Output, exactly as written, the lines below starting at the line containing "So I have told" and ending at the line containing "Here we have a". Drop the pictures and keep both end lines.

— STUDY MATERIAL —
#####

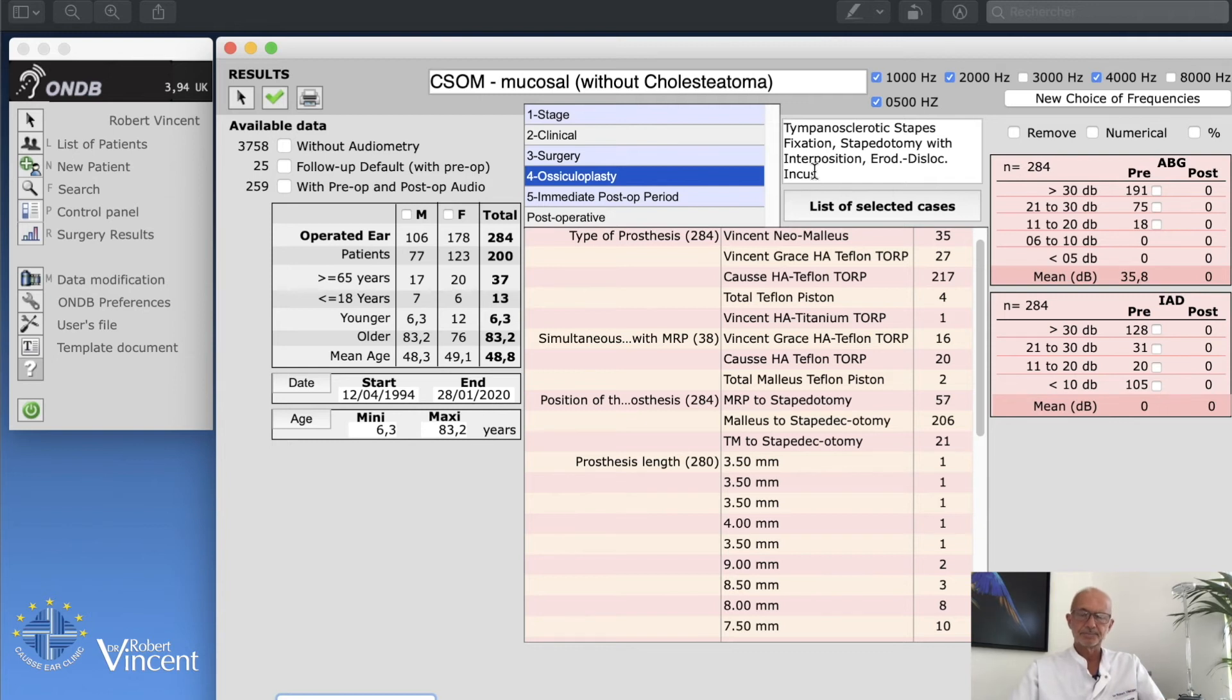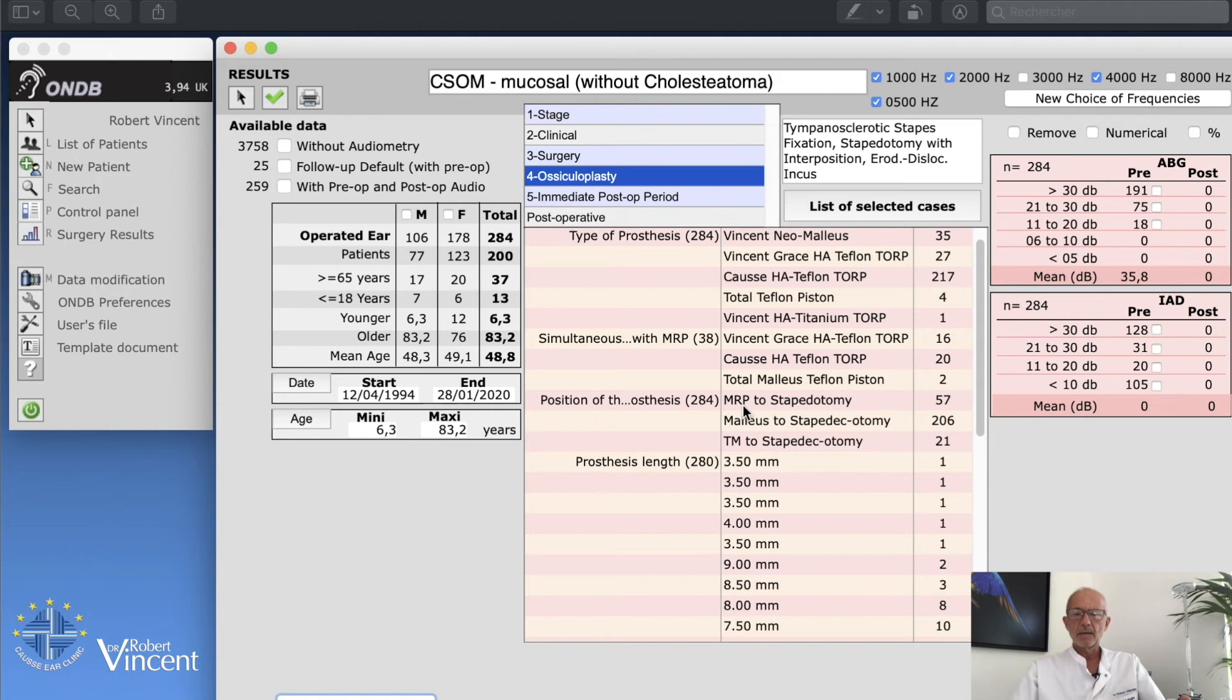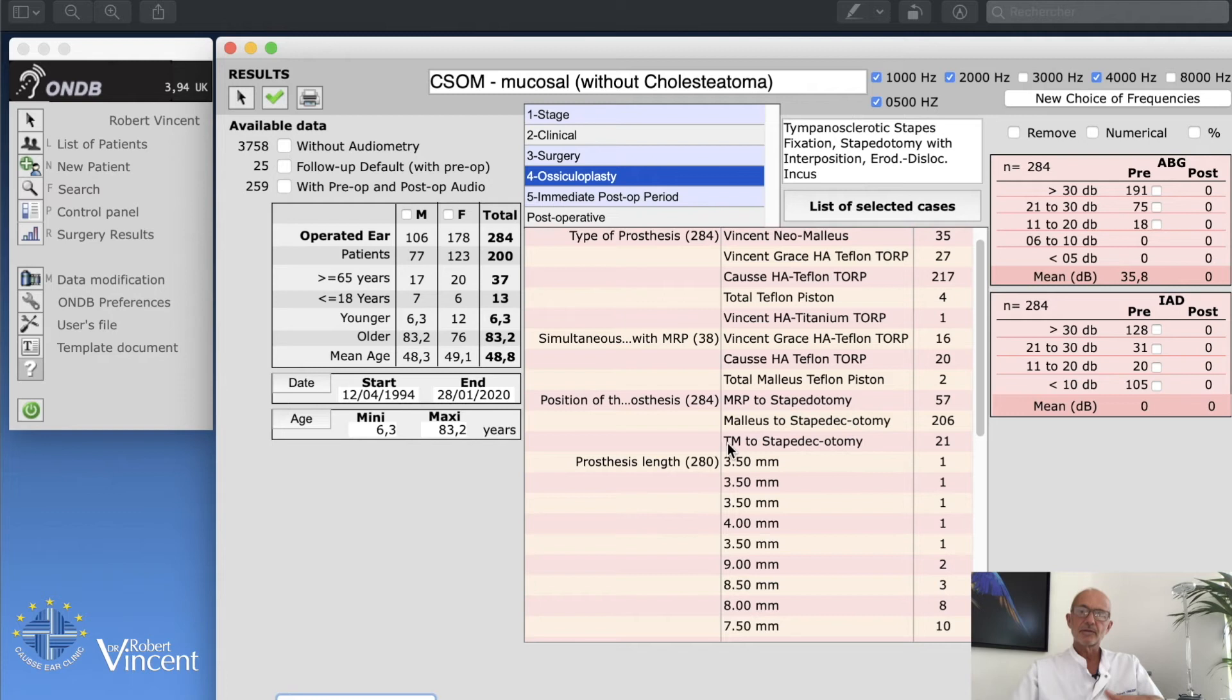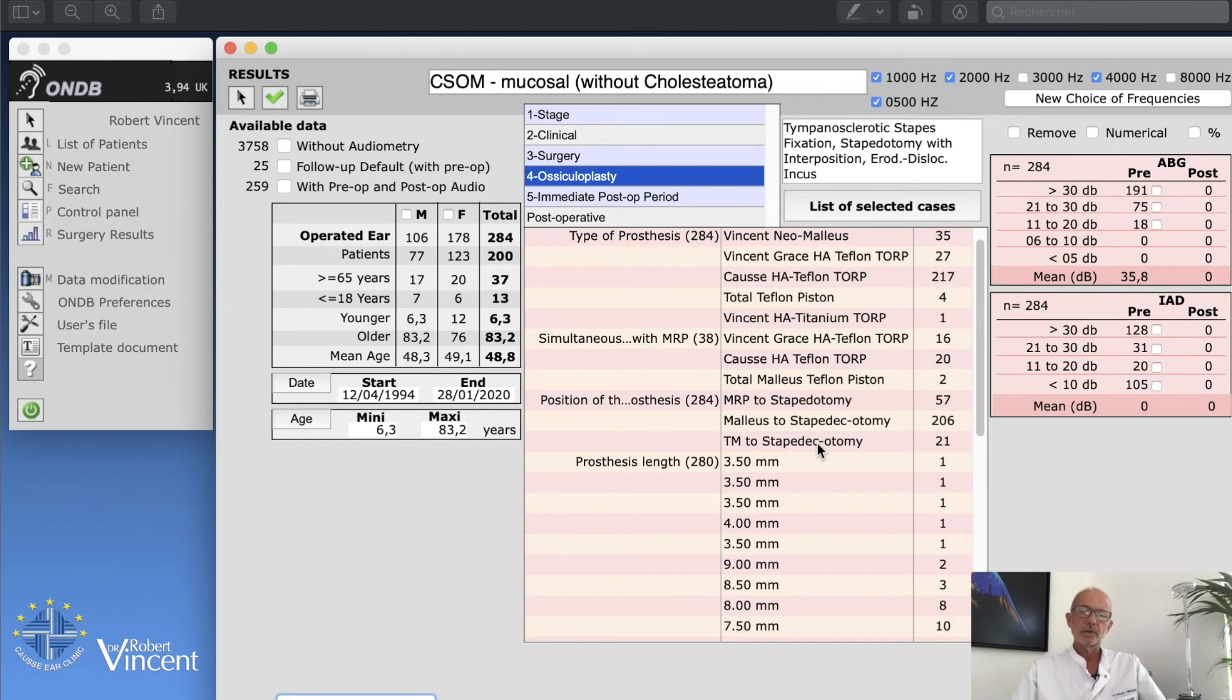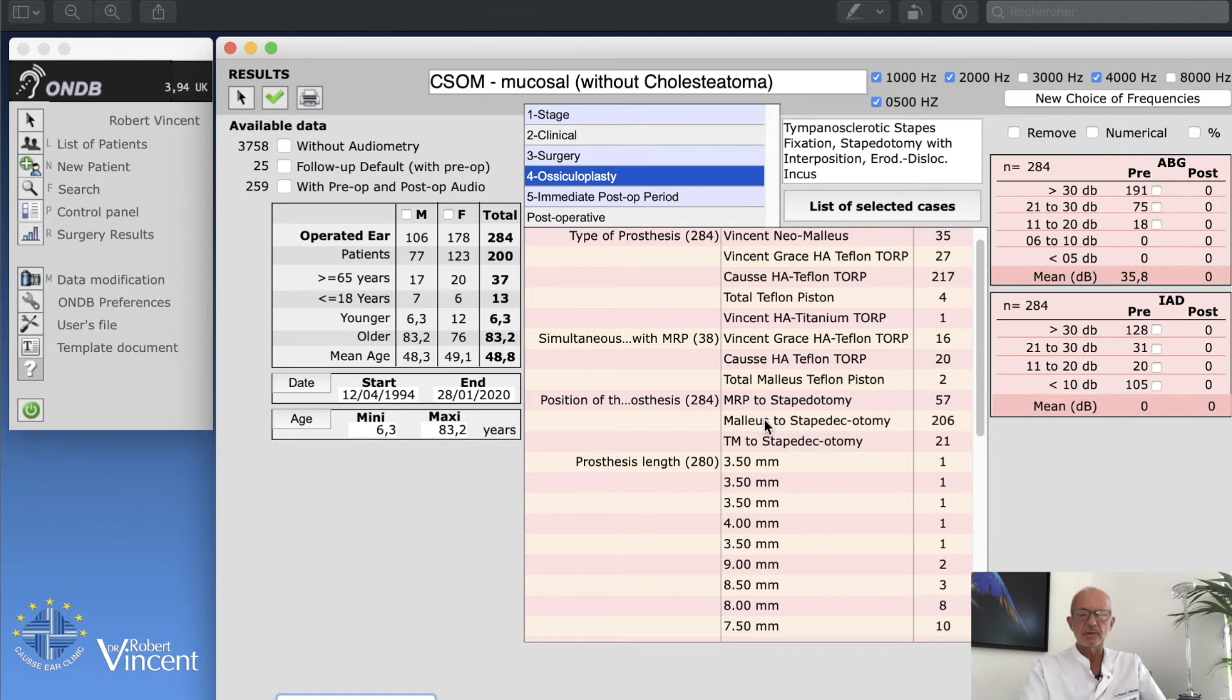Of course I had to use the TORP in any cases. If you go to position of the prosthesis, we have MRP malleus replacement prosthesis to stapedotomy, we have malleus to stapedotomy, and we also have tympanic membrane to stapedotomy, which is of course not the same. We all know that the result would not be the same if we put the prosthesis directly from the tympanic membrane to stapedotomy compared to the one from malleus. There's a better chance.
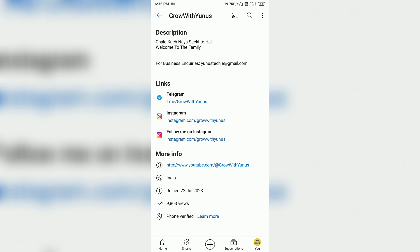So I have told you two ways: how to add an Instagram, Facebook, or Telegram link to your YouTube channel About section — either by copy-paste or by manually typing the URL. You can also add tips and tricks to your channel. Please like, subscribe, and hit the notification bell icon. See you in the next video. Take care and bye-bye.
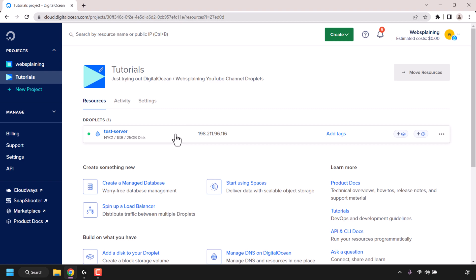Before you delete your DigitalOcean project you're going to either need to move all your resources to a new project, or you're going to have to destroy all the resources in the project that you want to delete. Because this is just a video demonstration I'm going to be destroying this droplet. However, if the DigitalOcean resources in the project are important to you, it's best to move them into a new project.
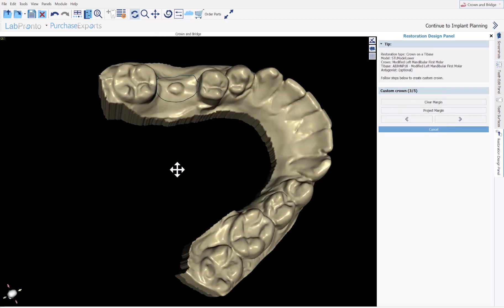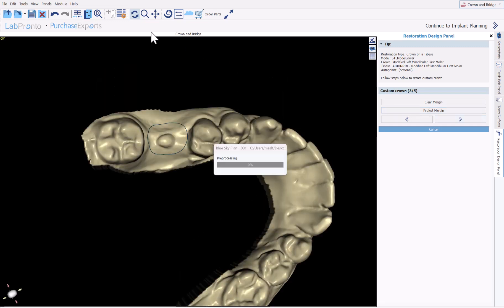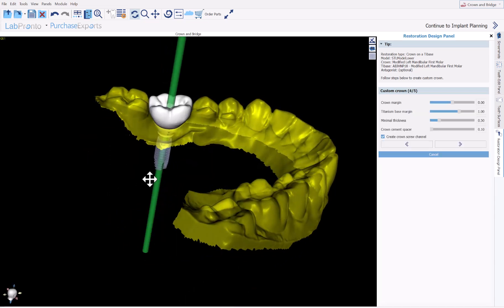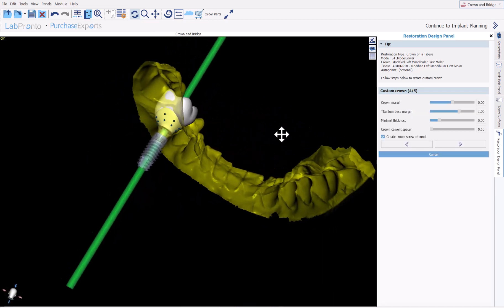Here we have a margin on our model. To take the margin from the tooth that was designed and generated, click Project Margin, and then click Next. Here we have our tooth that has pretty much been turned into a crown at this point.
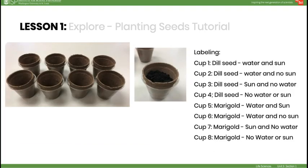For this experiment, students will be divided into eight groups, each assigned a number. Number the cups one through eight to help organize the groups. Each group will also need a pot, soil, cup, and seed. To save time, you could set up the pots with soil and plastic cups ahead of time. Student groups one through four will plant dill seeds, while groups five through eight will plant marigolds. Have them plant the seeds just below the surface of the soil. Use the spray bottle to give plants one, two, five, and six a couple of squirts of water. Be sure that plants are placed in the right type of light according to their group number — some plants will be in the sun, while others should be in the dark.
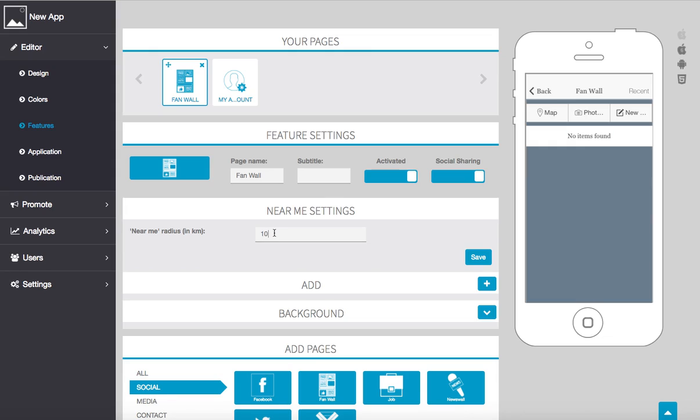What the fan wall does is allow people who are already on your application to send off messages to this page to people who are within a range. So for an example, let's say you're throwing a big party in your area or a big social event.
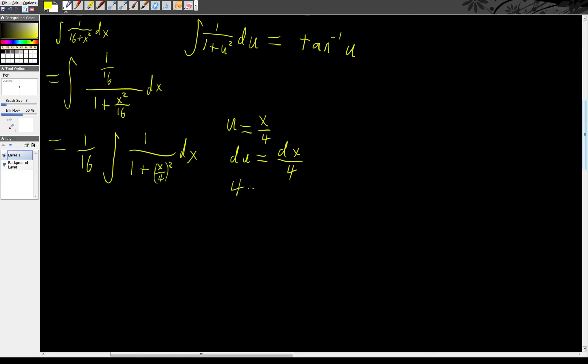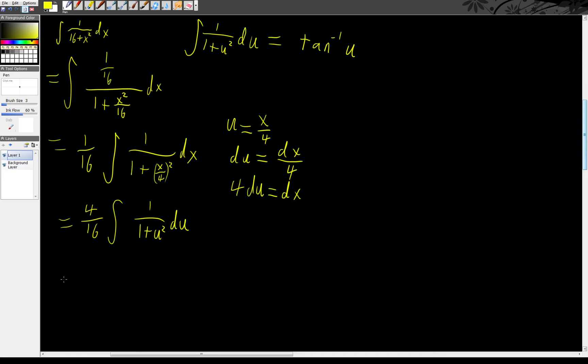So 4 du is going to be dx. So this turns into 4 over 16th integral of 1 over 1 plus u squared du. Which is excellent because now I can reduce the 4 over 16th. Call it 1/4th.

#####

— TASK ANSWER —
So I have told you two ways: how to add an Instagram, Facebook, or Telegram link to your YouTube channel About section — either by copy-paste or by manually typing the URL. You can also add tips and tricks to your channel. Please like, subscribe, and hit the notification bell icon. See you in the next video. Take care and bye-bye.
Before you delete your DigitalOcean project you're going to either need to move all your resources to a new project, or you're going to have to destroy all the resources in the project that you want to delete. Because this is just a video demonstration I'm going to be destroying this droplet. However, if the DigitalOcean resources in the project are important to you, it's best to move them into a new project.
Here we have a margin on our model. To take the margin from the tooth that was designed and generated, click Project Margin, and then click Next. Here we have our tooth that has pretty much been turned into a crown at this point.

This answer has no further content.